▶ Work instructions: In the records below, find the line that holds "Back in routine ❤️‍🔥🌶️🎾 by @yuliyakorolevaa". Restate it and every later line exactly, stopping at the end and skipping pictures.

▶ Source records:
————————
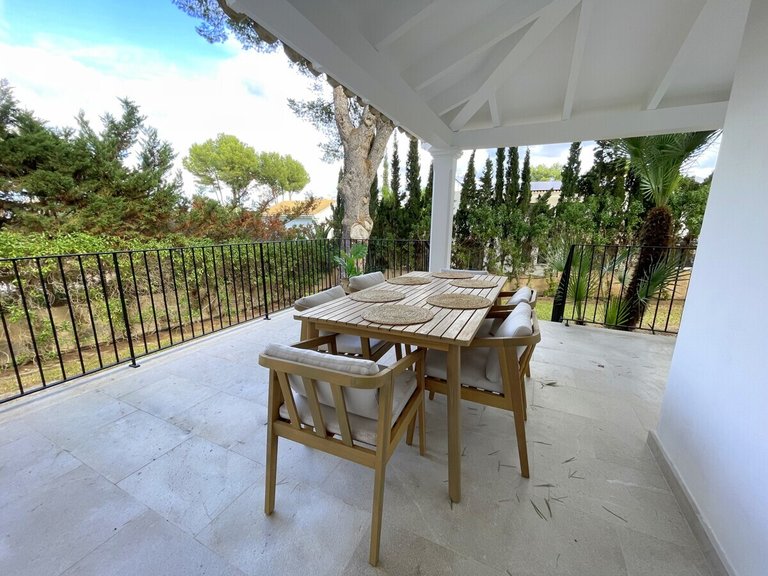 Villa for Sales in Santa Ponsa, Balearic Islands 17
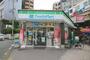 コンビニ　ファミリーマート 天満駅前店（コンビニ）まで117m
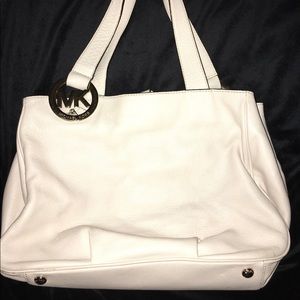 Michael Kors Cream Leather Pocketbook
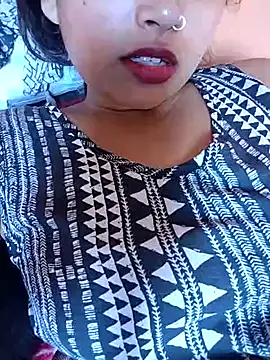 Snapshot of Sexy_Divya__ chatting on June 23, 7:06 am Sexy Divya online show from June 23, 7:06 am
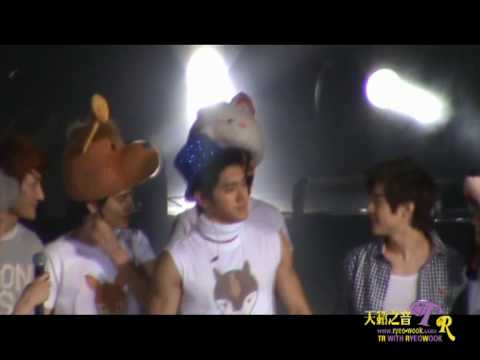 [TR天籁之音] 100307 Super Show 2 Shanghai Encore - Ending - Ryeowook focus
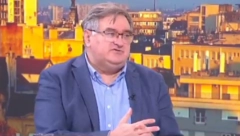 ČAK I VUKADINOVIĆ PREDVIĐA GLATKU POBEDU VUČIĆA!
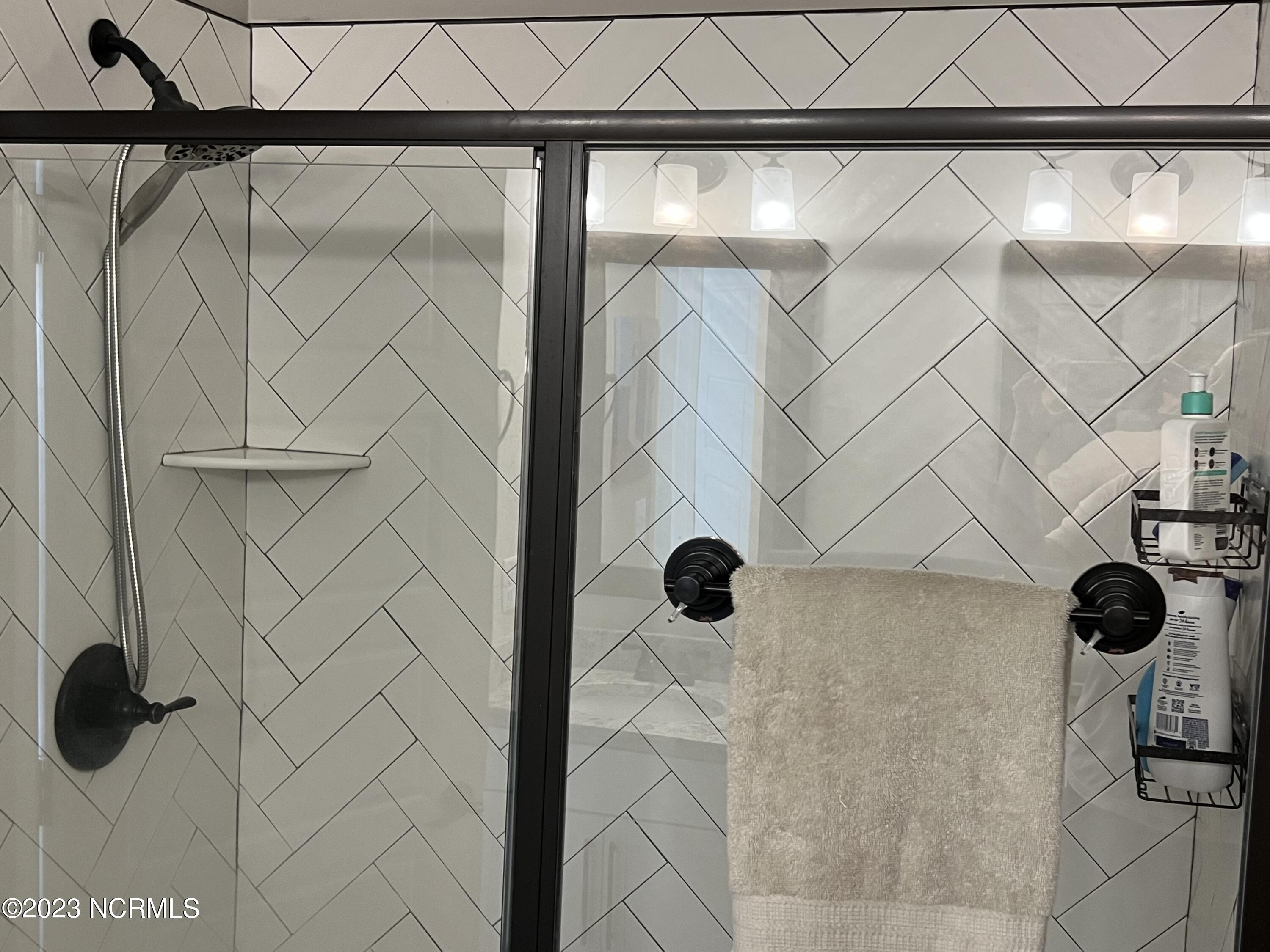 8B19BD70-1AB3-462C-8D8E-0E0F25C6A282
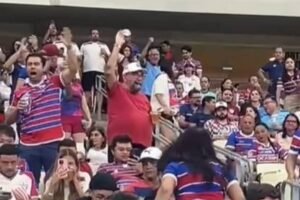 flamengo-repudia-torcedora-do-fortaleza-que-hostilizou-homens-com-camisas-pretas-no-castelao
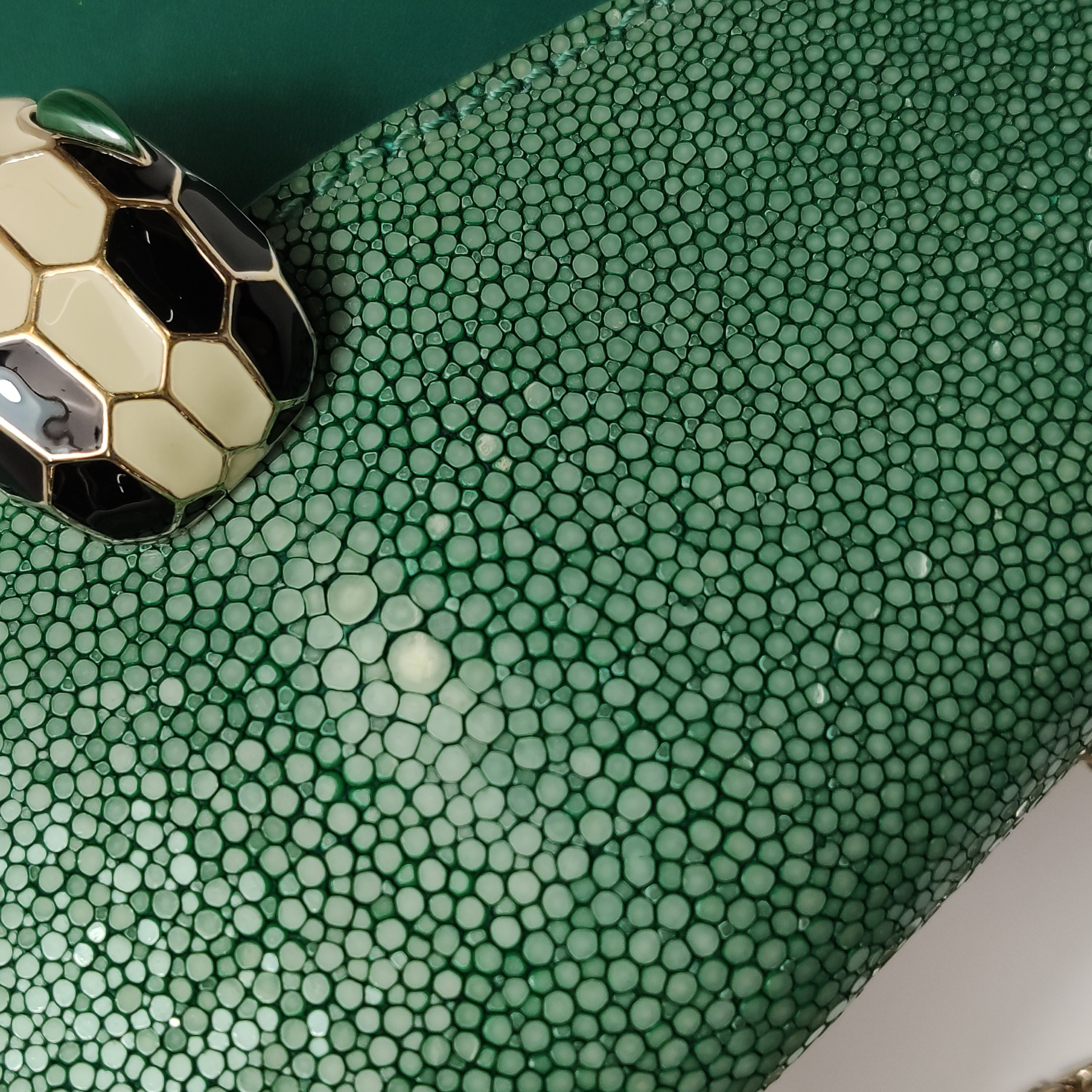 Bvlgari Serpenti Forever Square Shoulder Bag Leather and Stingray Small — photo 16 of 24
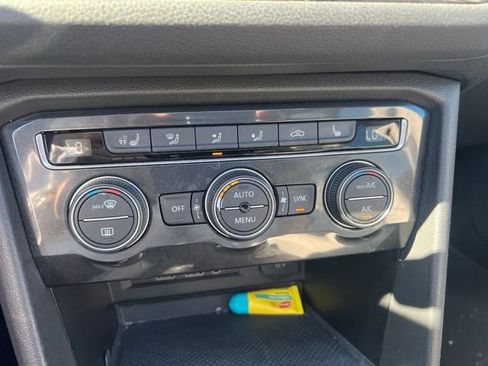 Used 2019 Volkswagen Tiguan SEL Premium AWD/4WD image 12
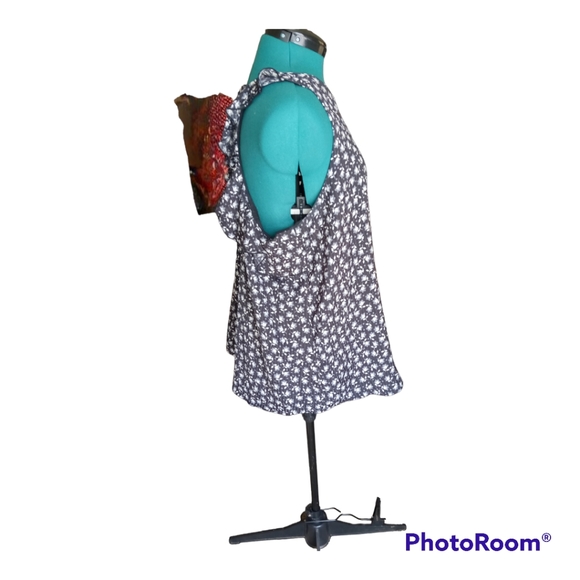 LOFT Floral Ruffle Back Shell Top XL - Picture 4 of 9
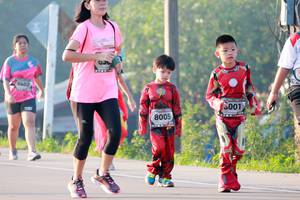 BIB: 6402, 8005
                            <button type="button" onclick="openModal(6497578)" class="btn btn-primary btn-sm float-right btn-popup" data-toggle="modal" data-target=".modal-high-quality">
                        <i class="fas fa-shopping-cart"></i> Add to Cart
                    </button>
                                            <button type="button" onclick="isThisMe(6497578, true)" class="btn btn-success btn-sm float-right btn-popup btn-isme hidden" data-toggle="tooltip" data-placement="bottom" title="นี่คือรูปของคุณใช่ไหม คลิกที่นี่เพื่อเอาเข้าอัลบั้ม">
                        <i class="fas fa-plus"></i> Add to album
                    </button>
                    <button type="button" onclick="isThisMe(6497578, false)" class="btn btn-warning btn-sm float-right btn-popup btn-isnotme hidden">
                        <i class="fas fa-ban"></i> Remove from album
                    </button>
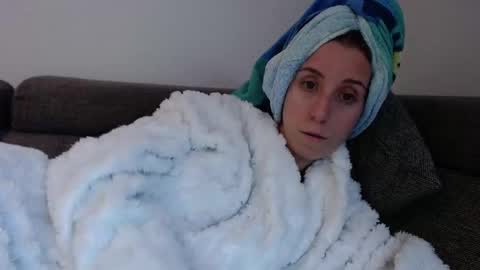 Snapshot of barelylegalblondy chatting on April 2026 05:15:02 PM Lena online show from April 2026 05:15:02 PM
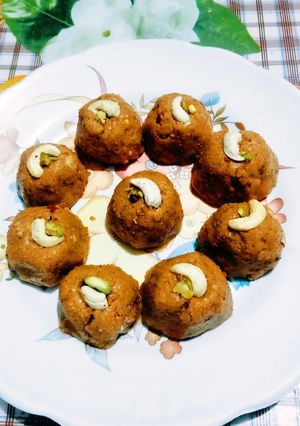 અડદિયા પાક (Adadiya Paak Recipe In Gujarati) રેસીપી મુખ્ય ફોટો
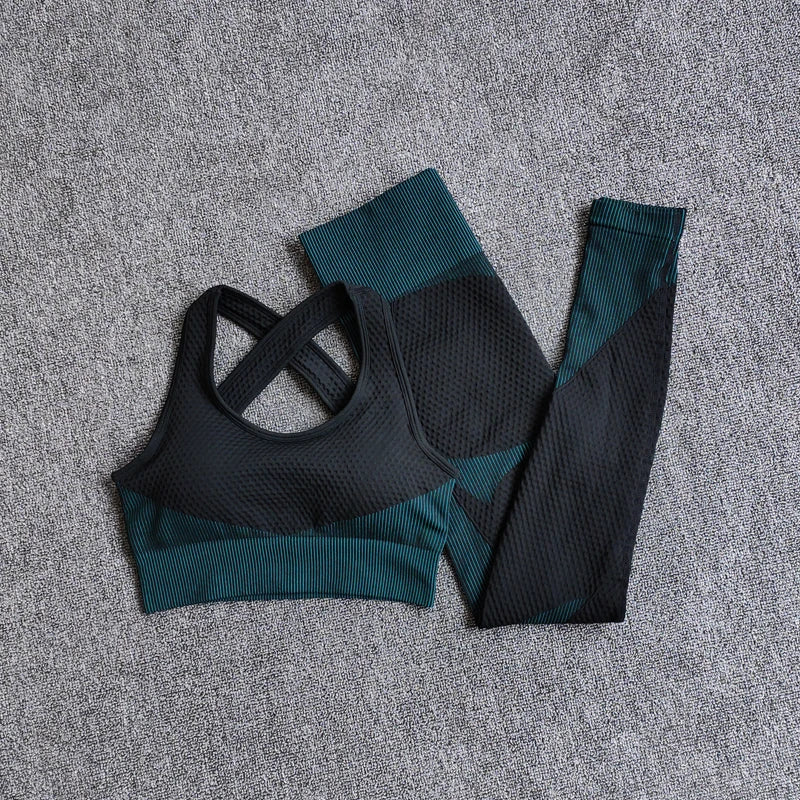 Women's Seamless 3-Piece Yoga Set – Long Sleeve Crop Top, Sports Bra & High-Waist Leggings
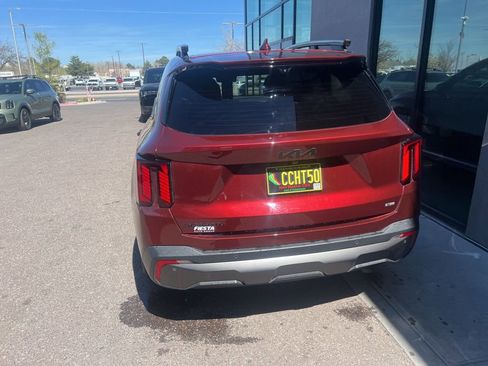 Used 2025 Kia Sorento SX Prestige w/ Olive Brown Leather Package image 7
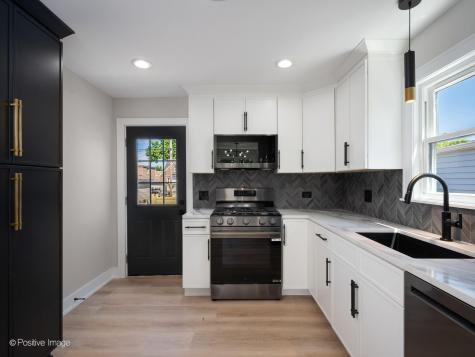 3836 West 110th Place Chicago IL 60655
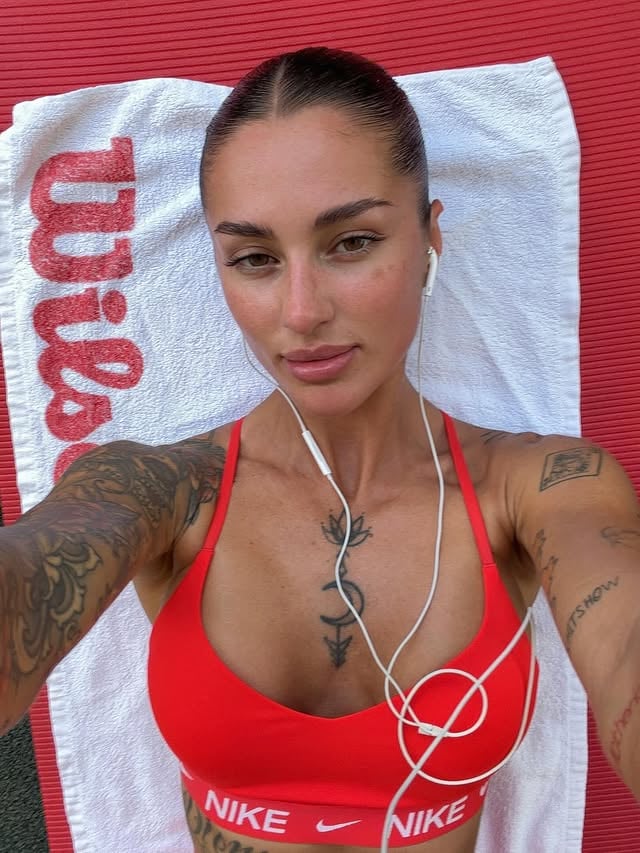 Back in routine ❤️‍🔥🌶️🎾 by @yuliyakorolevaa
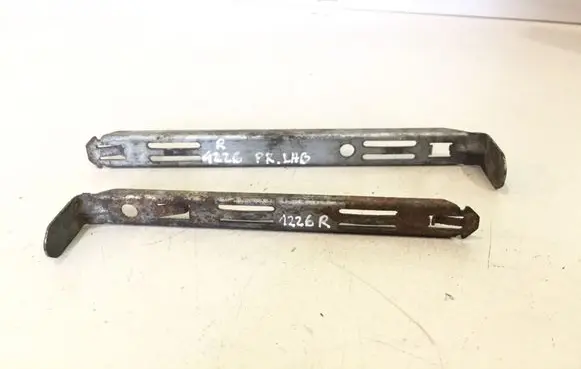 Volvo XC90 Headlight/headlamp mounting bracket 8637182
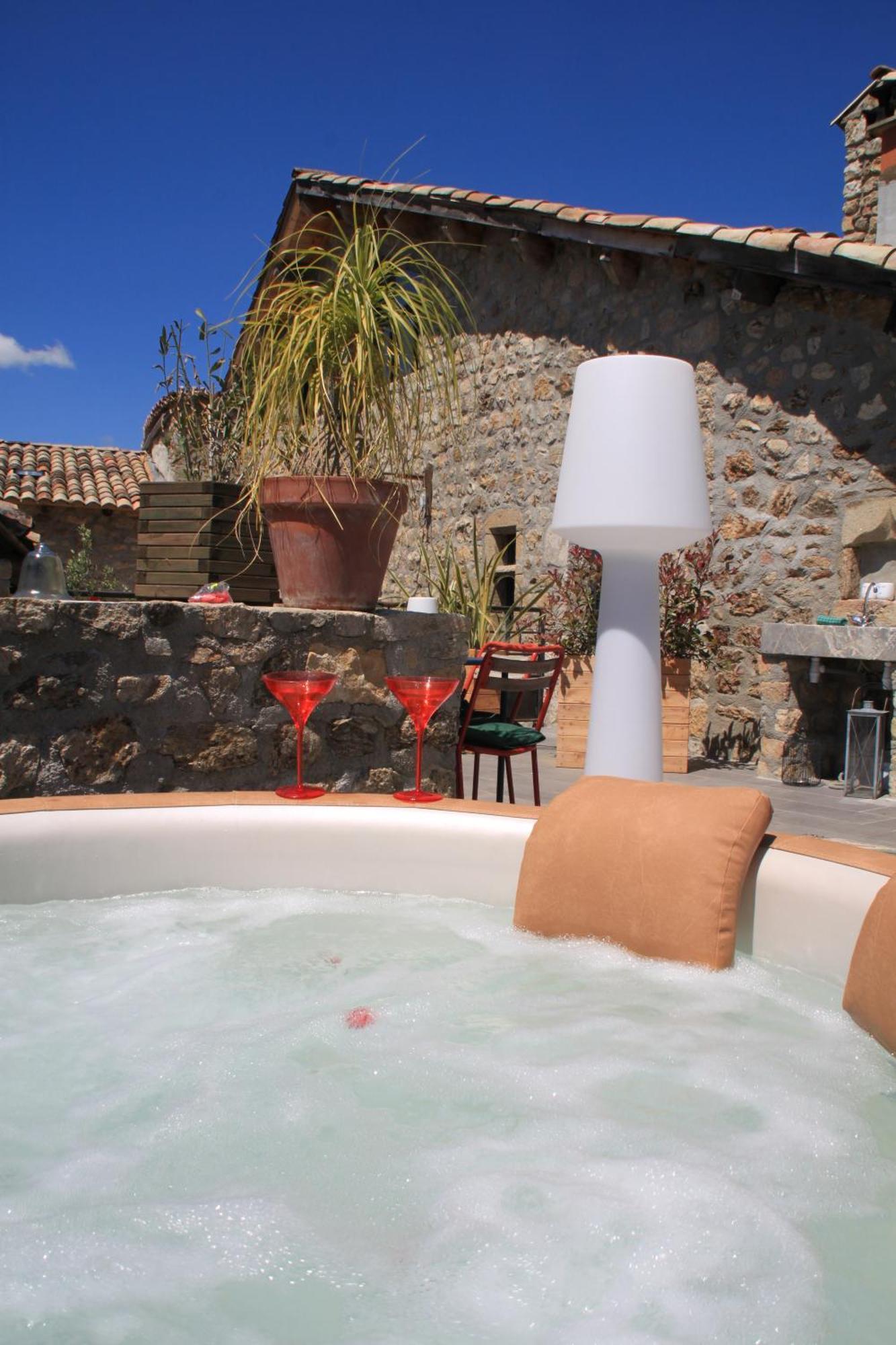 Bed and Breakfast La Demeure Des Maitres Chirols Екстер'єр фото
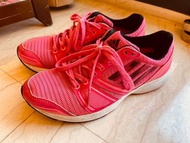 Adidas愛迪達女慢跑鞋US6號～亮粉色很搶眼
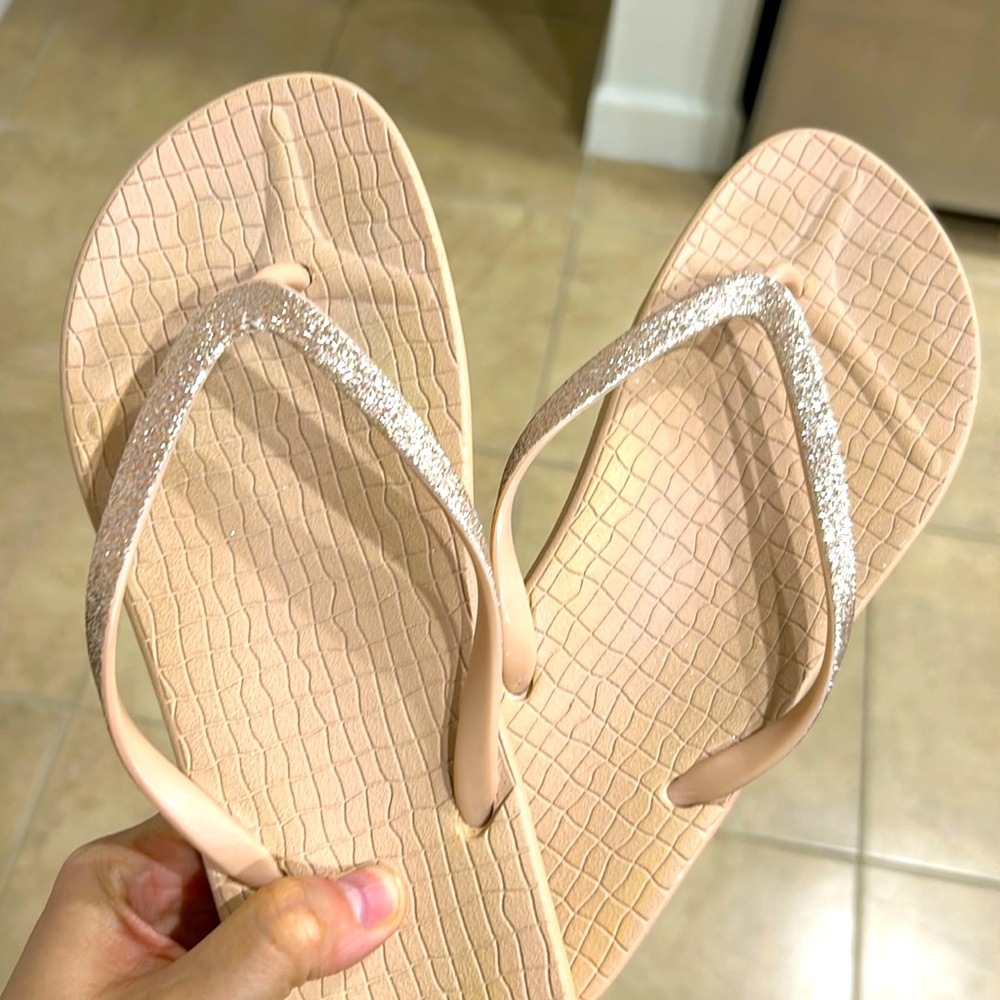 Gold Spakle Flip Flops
————————
▶ Finished task:
 Back in routine ❤️‍🔥🌶️🎾 by @yuliyakorolevaa
 Volvo XC90 Headlight/headlamp mounting bracket 8637182
 Bed and Breakfast La Demeure Des Maitres Chirols Екстер'єр фото
 Adidas愛迪達女慢跑鞋US6號～亮粉色很搶眼
 Gold Spakle Flip Flops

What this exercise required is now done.